Signs of Disintegration: Subversive Visual Expressions of Processes of Social Transformation and Ideological Clashes in a Czech Graphic Novel Series about Political History

By: Martin Foret

 

ARTICLE INFO:
Volume: 07
Issue: 02:2021
ISSN: 2459-2943
DOI: 10.18680/hss.2021.0020
Pages: 123-149
Lic.: CC BY-NC-ND 4.0
KEYWORDS:
Code of comics
Semiotic resources
Non-representational ideas
Czech graphic novels
Political history

 

ABSTRACT

The article deals with comics’ (re)presentation of conceptual – political and ideological – content and how the semiotic potentials of non-representational ideas associated with social upheaval and political crises are expressed.
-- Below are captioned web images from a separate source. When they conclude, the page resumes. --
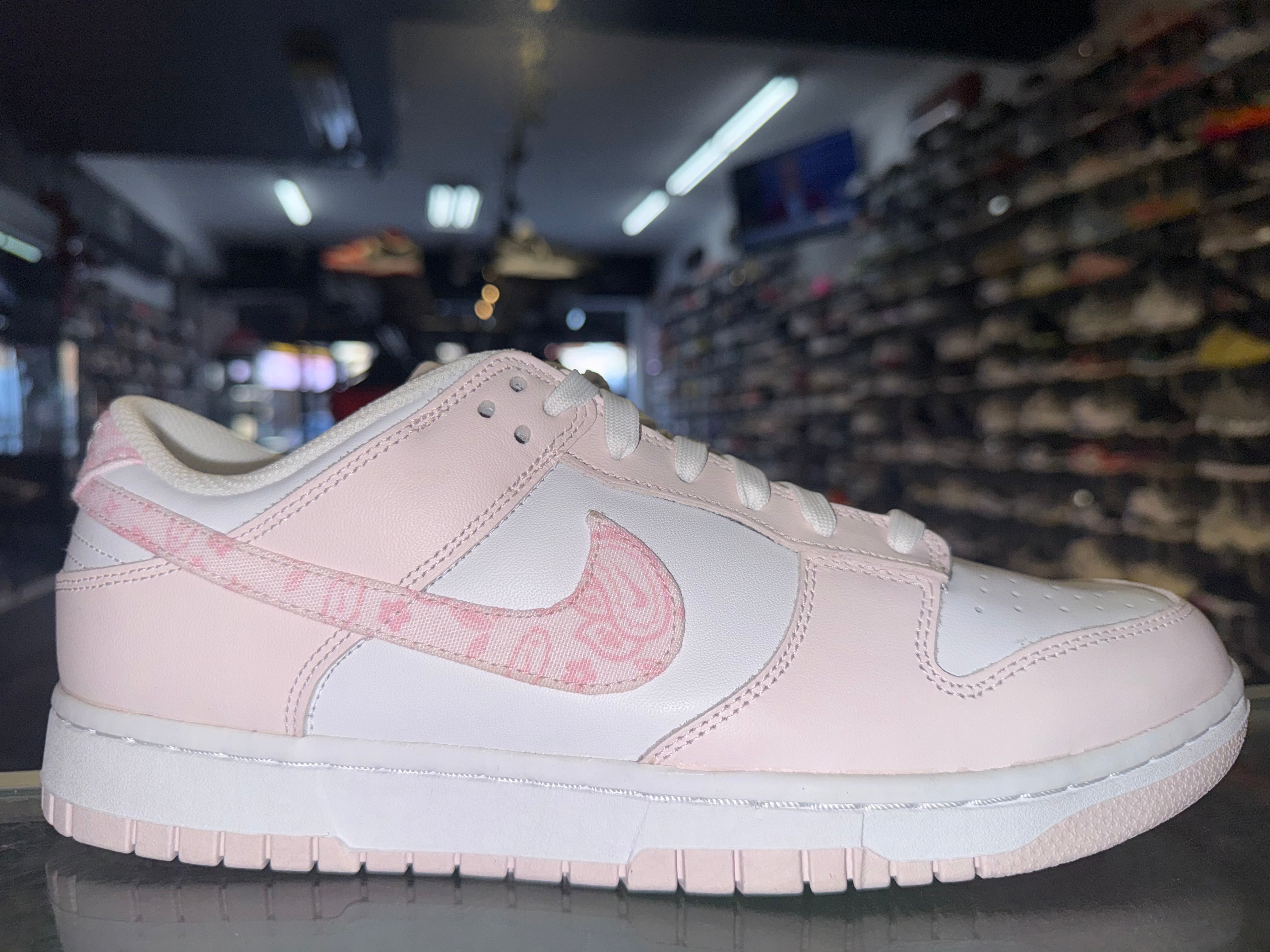 Size 9.5 (11W) Dunk Low "Paisley Pink" Brand New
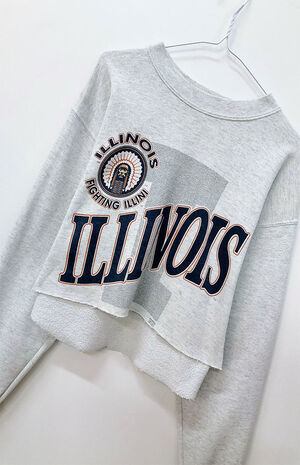 Fighting Illini Crop Sweatshirt image number 2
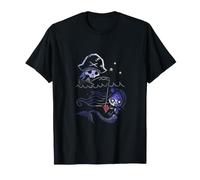 Esqueleto Pirata bajo la luz de la Luna - Diseño Espeluznante del océano Camiseta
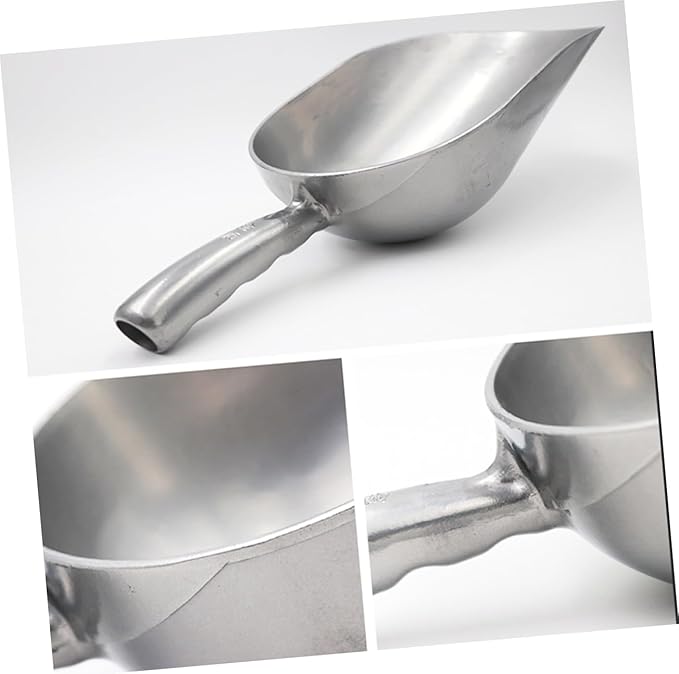 Scoops for Food Stainless Steel Feeding Scoop for Livestock Grain,Feed Distribution 12-Inch Food Serving Easy to Clean for Farm Feeding and Pet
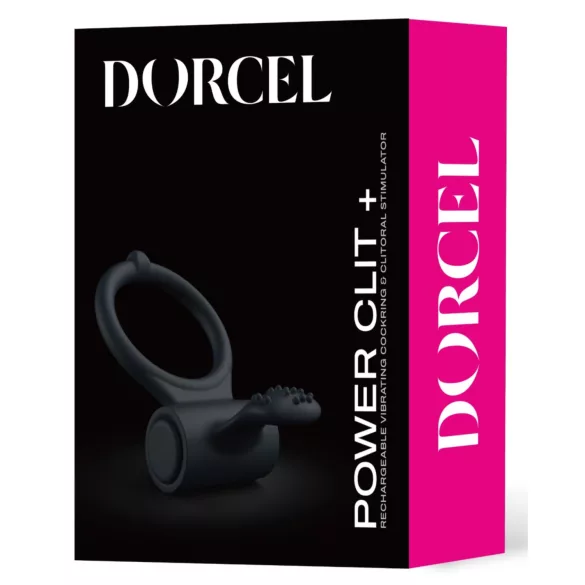 Dorcel Power Clit Plus - oppladbar, vibrerende penisering (svart)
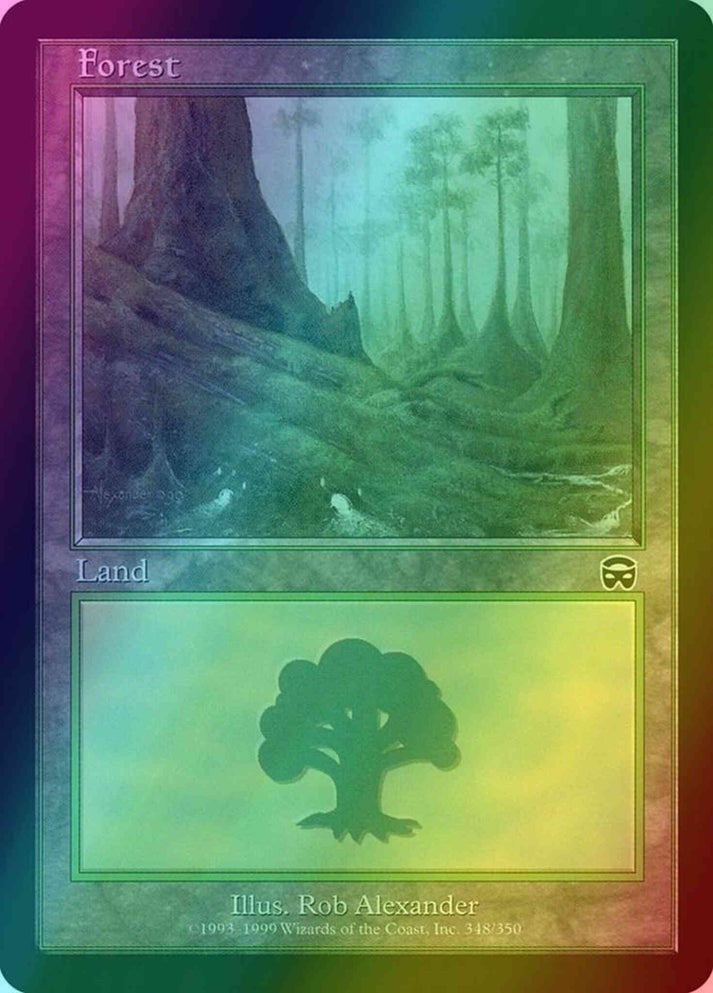 Forest FOIL (LP) ~  Mercadian Masques #107 MTG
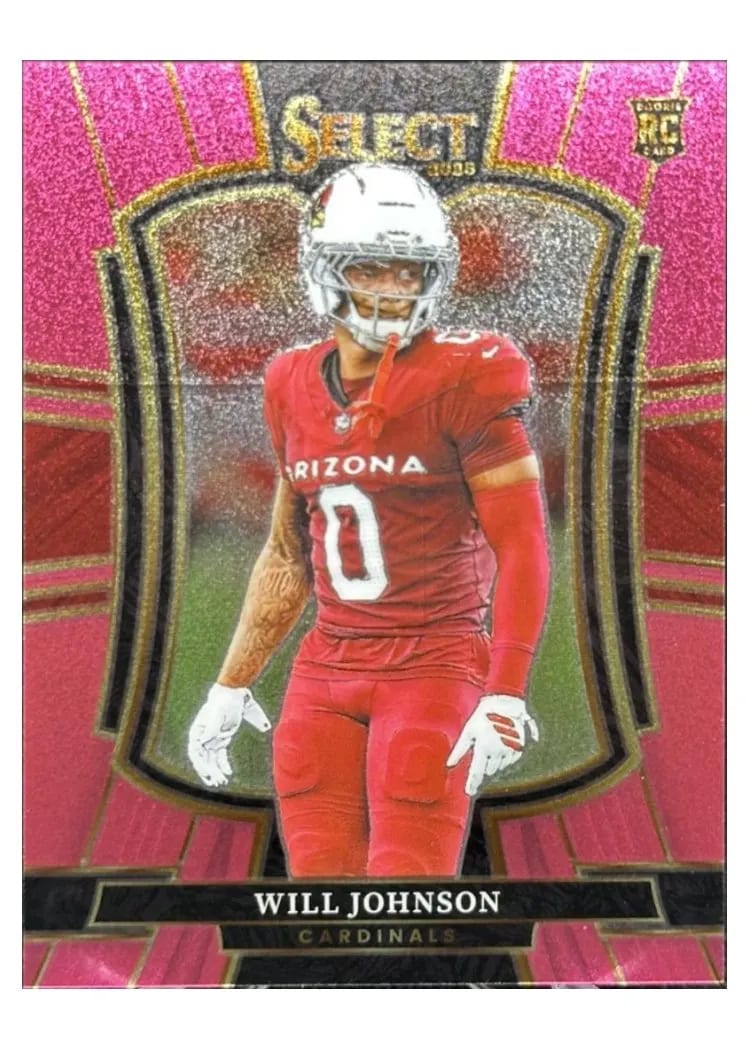 2025 Panini Select Base Set Will Johnson #122 card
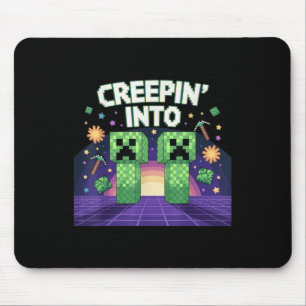 11th Birthday Gamer Pixel Creepin’ Into 11 Video G Mouse Mat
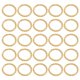 thumbnail image 1 of 100Pcs Traditional Round Jump Rings for Jewelry Making with Golden Embossing Design Ideal for Craft Enthusiasts, 1 of 4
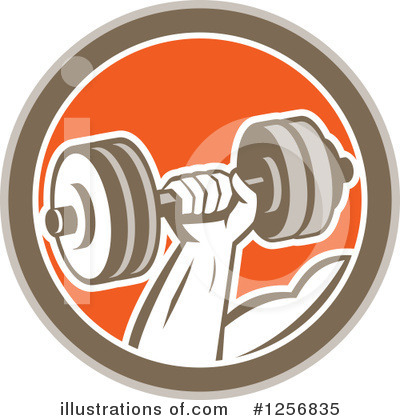 Weightlifter Clipart #1256835 by patrimonio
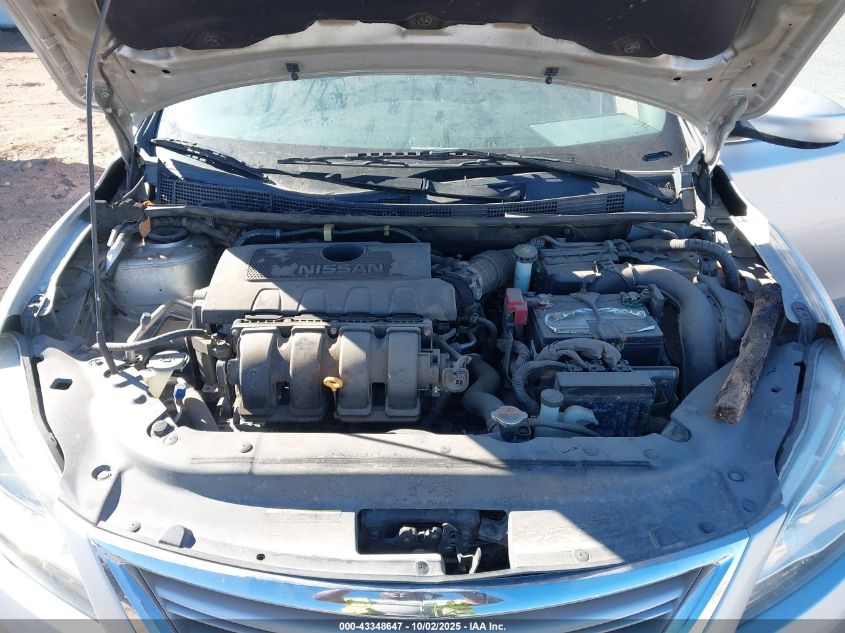 2015 Nissan Sentra S VIN: 3N1AB7AP5FY344489 Lot: 43348647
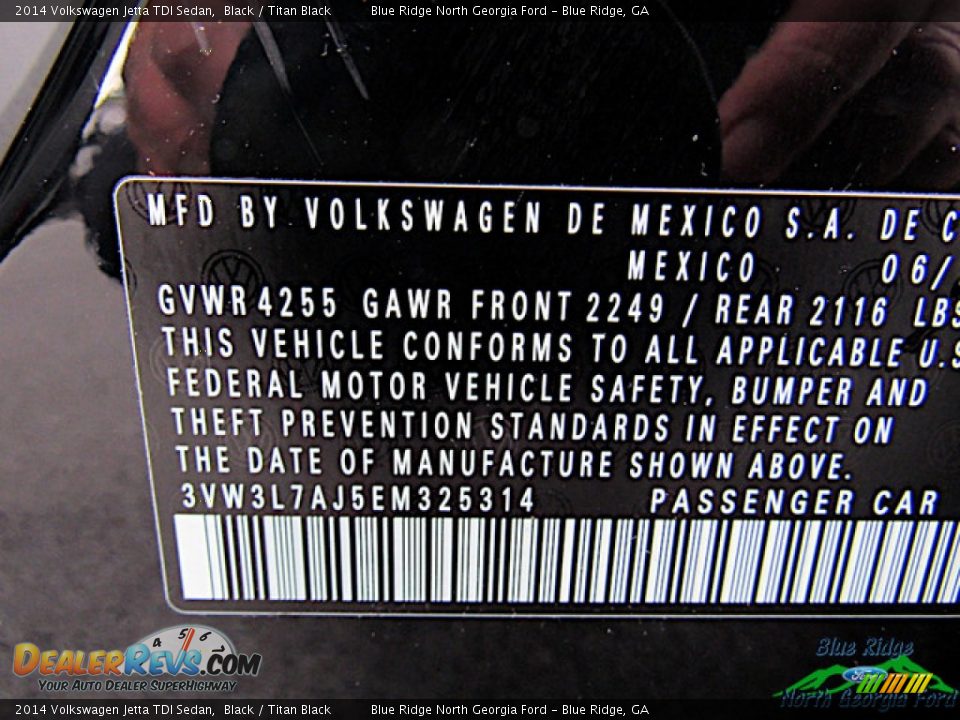 2014 Volkswagen Jetta TDI Sedan Black / Titan Black Photo #24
After considering comics’ potential to express abstract (non-depictive) concepts, we examine three Czech graphic novels, which concern crucial moments in Czech political history: the Austrian-Hungarian Empire’s collapse and the creation of Czechoslovakia in 1918; the disintegration of Czechoslovakia after the Nazi occupation in 1938; and the reformists’ defeat by the invading Warsaw pact armies in the Prague Spring of 1968. In each case, we investigate the semiotic resources chosen by the individual artists to present these events. Finally, we describe how the selected historiographical graphic novels reflect the ideology of a transforming nation and express a sense of non-self-evidentness for the nation as an independent state.